Un profesor de Ciencias bastante atípico, Ryan Grace, especialista en biología molecular, se despierta en una nave espacial, a años luz de la Tierra, sin recordar cómo se ha convertido en astronauta. A medida que recupera la memoria averigua su misión: descubrir qué misteriosa sustancia está provocando que el sol se esté apagando, lo que puede conllevar la desaparición de la humanidad. Grace recurrirá a sus conocimientos científicos, y a su creatividad, para buscar la solución, pero, afortunadamente, encontrará un inteligente aliado de otro planeta.

Lo más novedoso de Proyecto Salvación es que la mayoría de las películas de ciencia ficción poseen un argumento apocalíptico y serio mientras que este film es divertido y esperanzador, y eso que por el arranque de la historia no lo parece.

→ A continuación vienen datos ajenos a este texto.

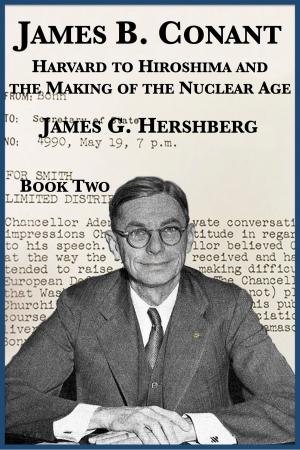 Book cover of James B. Conant: Harvard to Hiroshima and the Making of the Nuclear Age (Book Two)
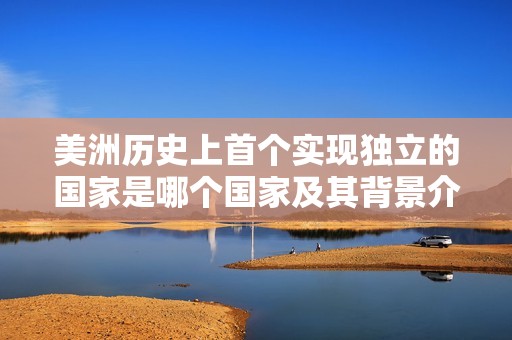 美洲历史上首个实现独立的国家是哪个国家及其背景介绍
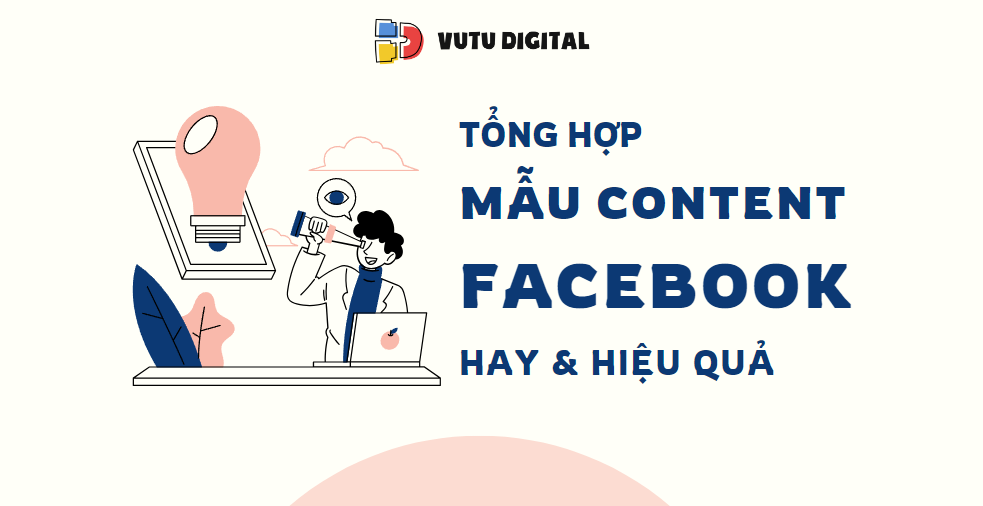 Tổng hợp Mẫu content Facebook đa lĩnh vực thu hút nhất hiện nay 1 tong-hop-mau-content-facebook-hay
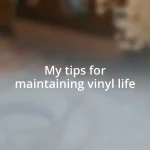 My tips for maintaining vinyl life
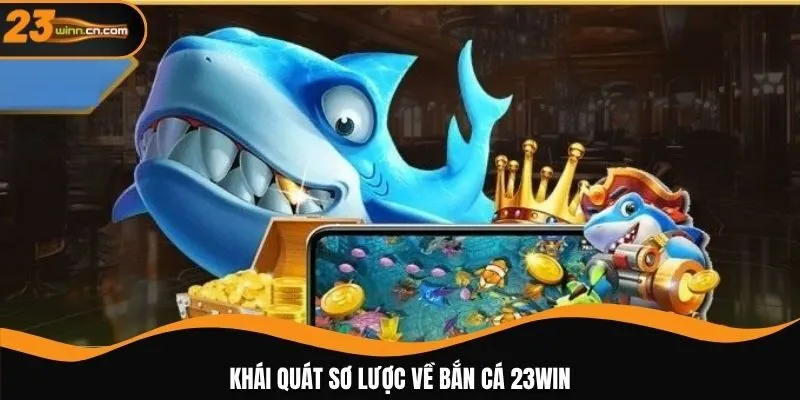 Khái quát sơ lược về bắn cá 23WIN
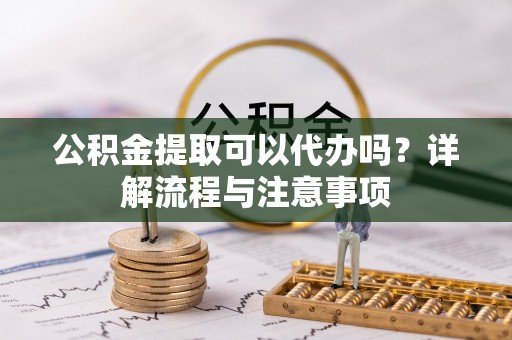 渝水公积金提取可以代办吗？详解流程与注意事项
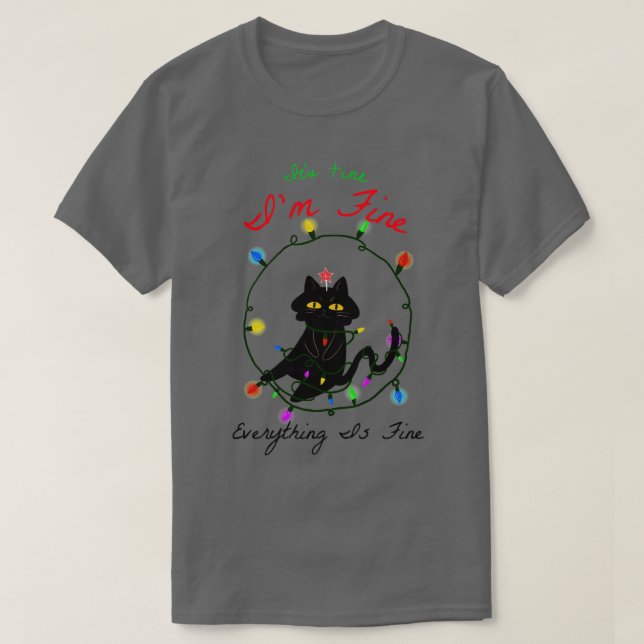 T-shirt Son Im Fine Tout Est Bien Drôle Chat Chri (Design devant)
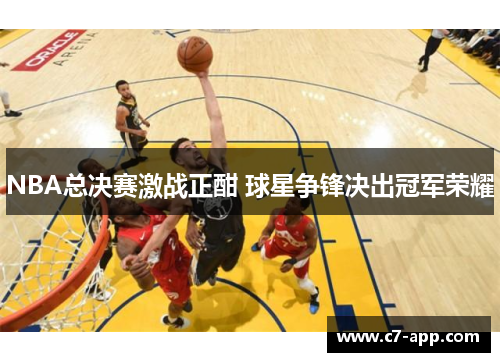NBA总决赛激战正酣 球星争锋决出冠军荣耀 NBA总决赛激战正酣 球星争锋决出冠军荣耀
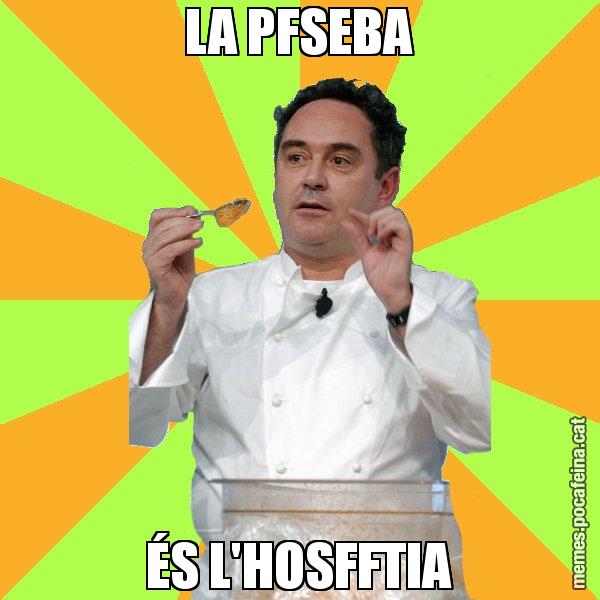 LA PFSEBA ÉS L'HOSFFTIA - Ferran Adrià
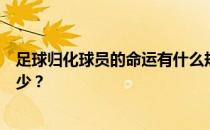 足球归化球员的命运有什么规律吗？足球归化球员最多有多少？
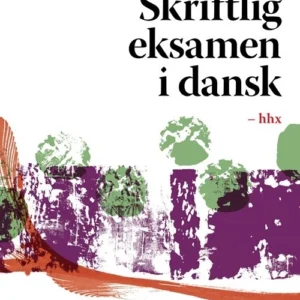 Skriftlig eksamen i dansk hhx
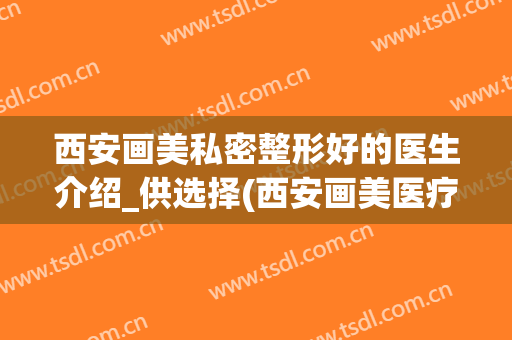 西安画美私密整形好的医生介绍_供选择(西安画美医疗美容医院医生)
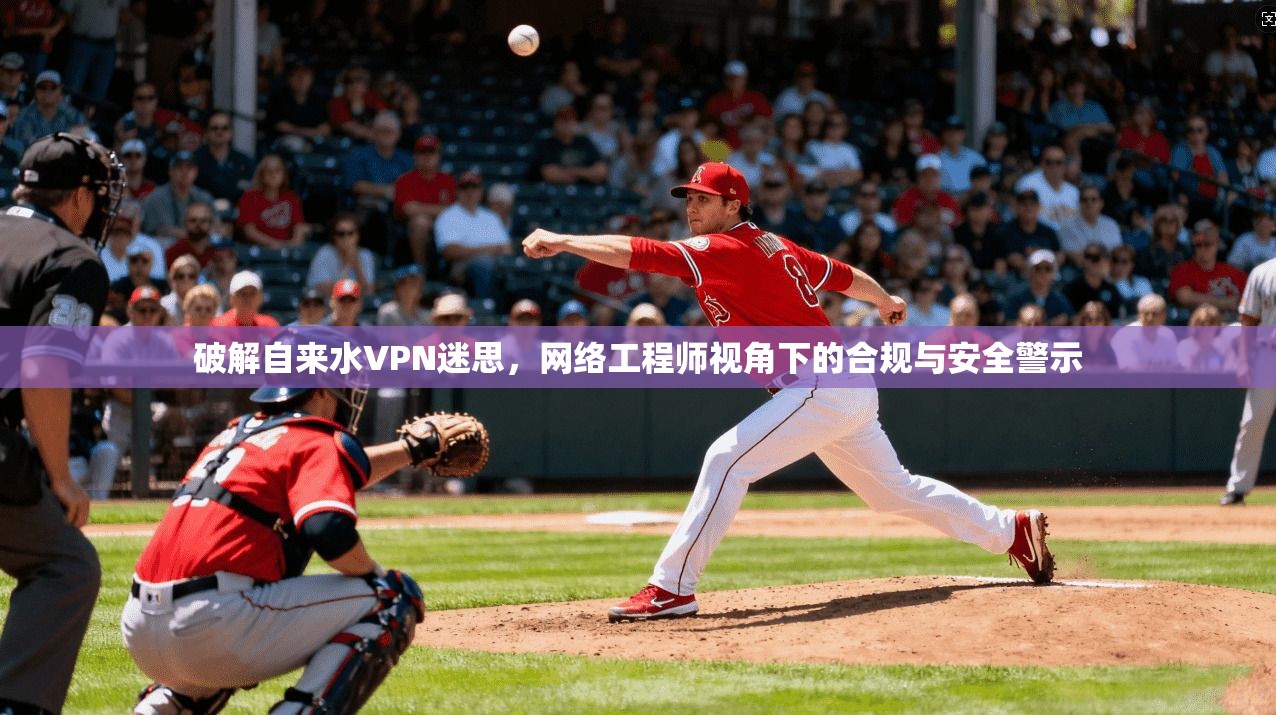 破解自来水VPN迷思,网络工程师视角下的合规与安全警示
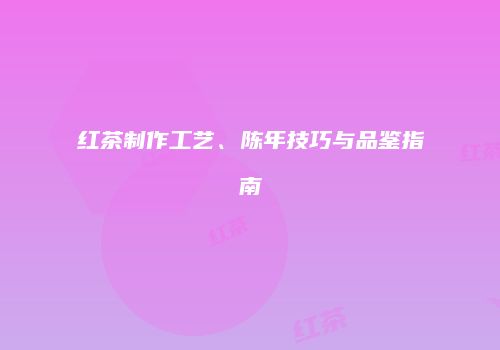 红茶制作工艺、陈年技巧与品鉴指南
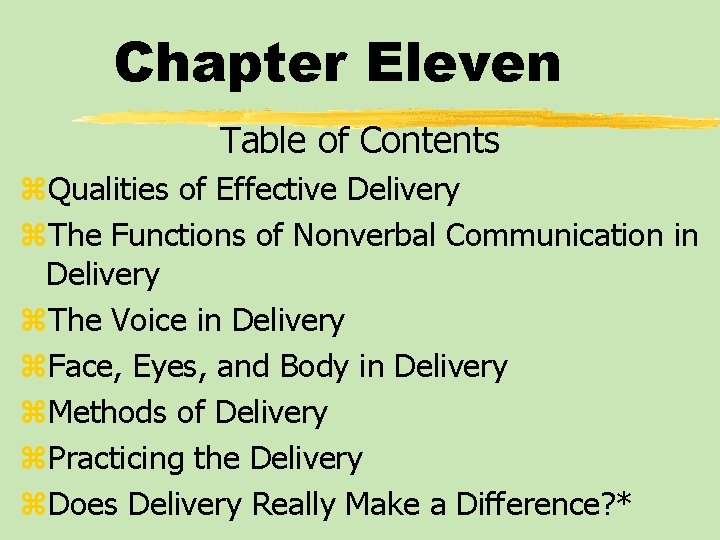 Chapter Eleven Table of Contents z. Qualities of Effective Delivery z. The Functions of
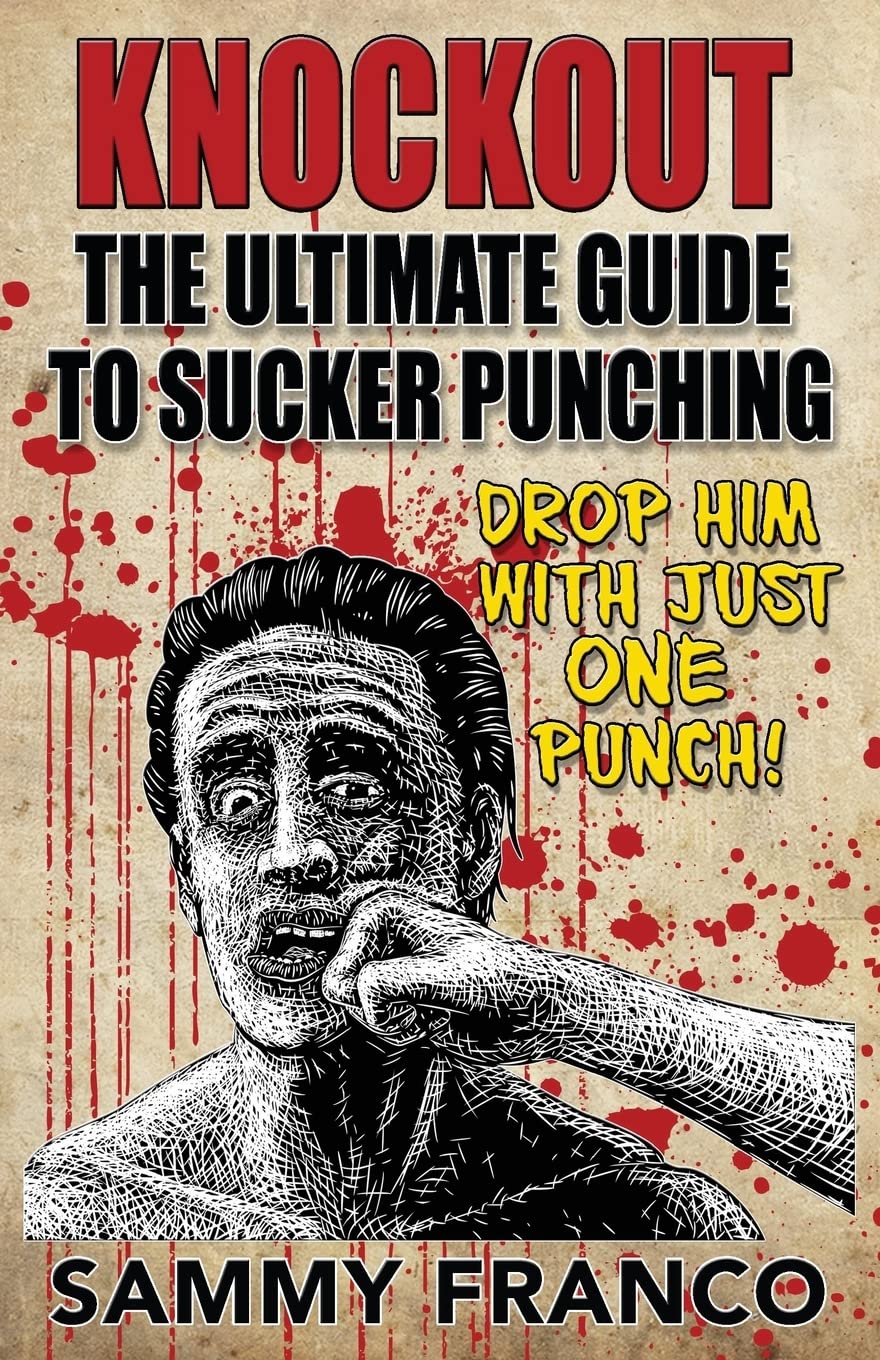 Knockout: The Ultimate Guide to Sucker Punching Book by Sammy Franco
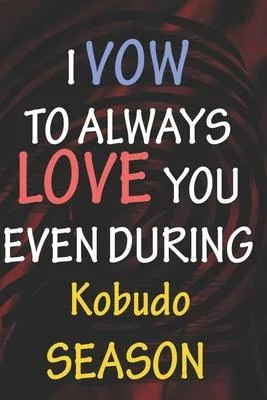 I VOW TO ALWAYS LOVE YOU EVEN DURING Kobudo SEASON: / Perfect As A valentine’’s Day Gift Or Love Gift For Boyfriend-Girlfriend-Wife-Husband-Fiance-Long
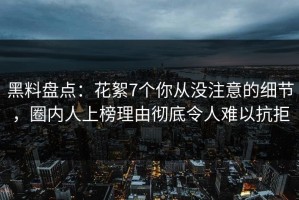 黑料盘点：花絮7个你从没注意的细节，圈内人上榜理由彻底令人难以抗拒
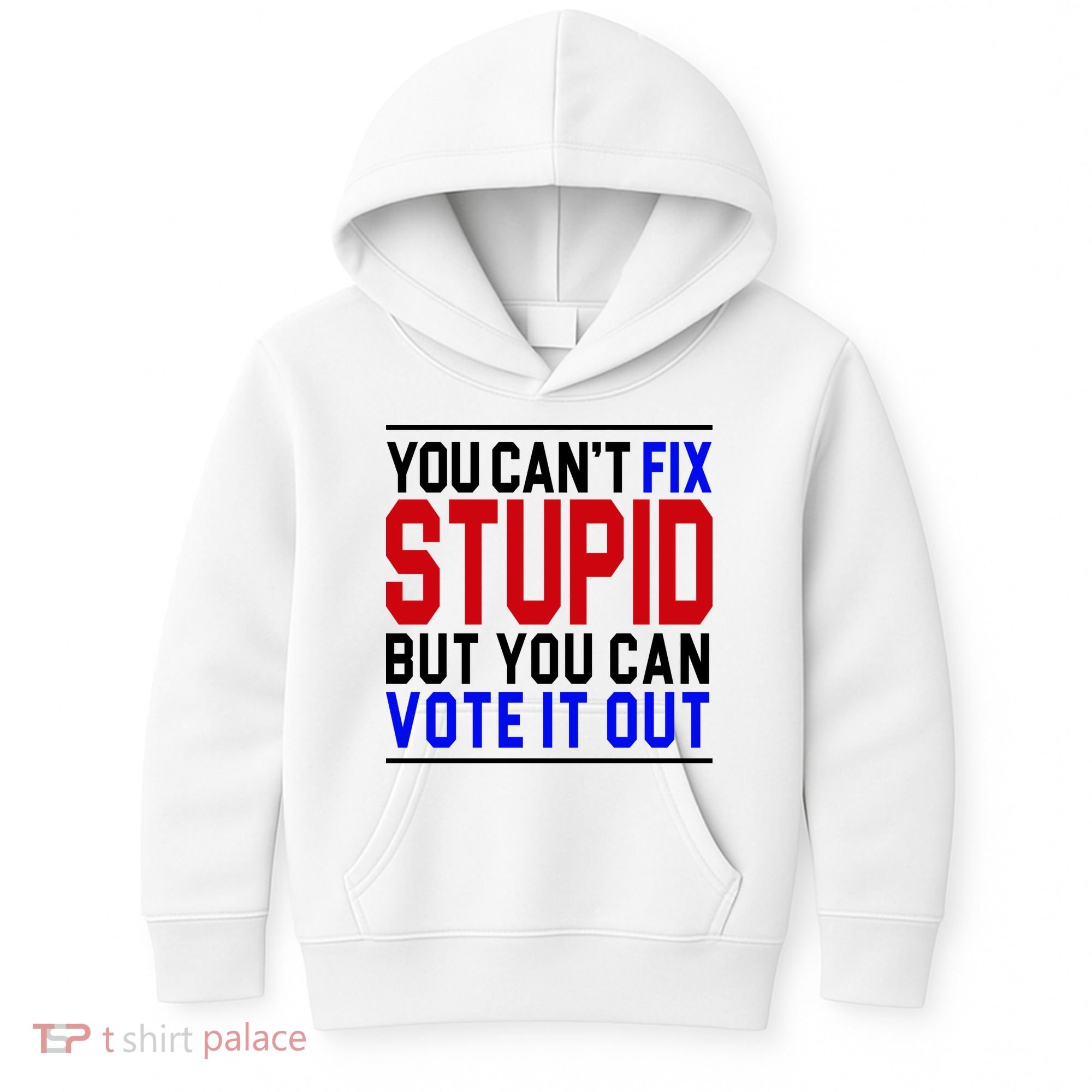 You Can't Fix Stupid But You Can Vote It Out Kids Hoodie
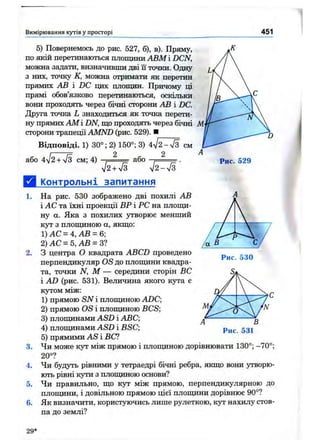 Вимірювання кутів у просторі 451
Рис. 529
5) Повернемось до рис. 527, б), в). Пряму,
по якій перетинаються площини АВМ і DCN,
можна задати, визначивши дві її точки. Одну
з них, точку К, можна отримати як перетин
прямих АВ і DC цих площин. Причому ці
прямі обов’язково перетинаються, оскільки
вони проходять через бічні сторони АВ і DC.
Друга точка L знаходиться як точка перети­
ну прямих AM і DN, що проходять через бічні М
сторони трапеції AMND (рис. 529). ■
Відповіді. 1) 30°; 2) 150°; 3) 4/2-7з см
або 4І2+ уІЗ см; 4) .— ---- або ^ .
^12+ S V2-V3
а Контрольні запитання
1. На рис. 530 зображено дві похилі АВ
і АС та їхні проекції ВР і PC на площи­
ну а. Яка з похилих утворює менший
кут з плопщною а, якщо:
1) А С =4,А В = 6]
2) А С =5,А В = 3?
2. З центра О квадрата ABCD проведено
перпендикуляр OS до плопщни квадра­
та, точки N, М — середини сторін ВС
і AD (рис. 531). Величина якого кута є
кутом між:
1) прямою SN і плопщною ADC;
2) прямою OS і плопщною BCS;
3) плопщнами ASD і ABC;
4) плопщнами ASD і BSC;
5) прямими AS і ВС?
3. Чи може кут між прямою і плопщною дорівнювати 130°; -70°;
20°?
4. Чи будуть рівними у тетраедрі бічні ребра, якщо вони утворю­
ють рівні кути з плопщною основи?
5. Чи правильно, що кут між прямою, перпендикулярною до
площини, і довільною прямою цієї плопщни дорівнює 90°?
6. Як визначити, користуючись лише рулеткою, кут нахилу стов­
па до землі?
Рис. 531
29*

A Steven Spielberg, siempre interesado en el tema alienígena y que estrenará en junio su film El dia de la revelación, le han salido unos competidores de campañillas en este género. Porque los directores de Proyecto Salvación, Phil Lord y Christopher Miller , han realizado una excelente aventura espacial  que se sustenta en una idea motor  que sugiere que la supervivencia no es un acto en solitario sino que depende de la colaboración, más aún, que, incluso en la inmensidad del espacio, la conexión sigue siendo nuestro mayor valor. Por ello este film no es de catástrofes sino un relato donde prima el ingenio y la empatía hacia el otro.

Proyecto Salvación está repleto de profesionales a tener en cuenta, el escritor del relato es Andy Weir (autor de The Martian), los directores son Phil Lord y Christopher Miller (guionistas de la oscarizada Spider-Man: Un nuevo universo) y en la producción se  ha implicado también el protagonista del film, el famoso  actor Ryan Gosling. Este realiza una actuación memorable encarnando a un héroe por accidente. Como ocurre en  la magnífica La llegada, de Denis Villeneuve,  aunque el extraterrestre de turno no sea precisamente un producto visualmente demasiado atrayente ni conseguido, la calidad del relato hace que eso pase a un segundo plano. En esta ocasión para reírnos de la inquebrantable y graciosa amistad que surge entre Grace y el extraterrestre Rocky.

Sin duda uno de los retos a los que se enfrentó el guonista David Godard fue cómo transcribir lo que ocurre en la mente de Grace, los recuerdos de su pasado que regresan a su memoria tras el coma inducido, y esto lo resuelve con unos certeros y bien encajados flash back sobre cómo Grace era un hombre corriente en la Tierra.

Con una puesta en escena adecuada, que recrea perfectamente las naves espaciales (en el exterior y en el interior), y unos efectos especiales certeros el film es un canto a la esperanza  que cuenta con una banda sonora original donde se integran temas que expresan tanto la soledad del astronauta en la nave Hail Mary como otros más alegres cuando surge la inesperada amistad.

Una historia que funciona de principio a fin.

Para: los que quieran ver una Buena película de aventuras espaciales y de amistad.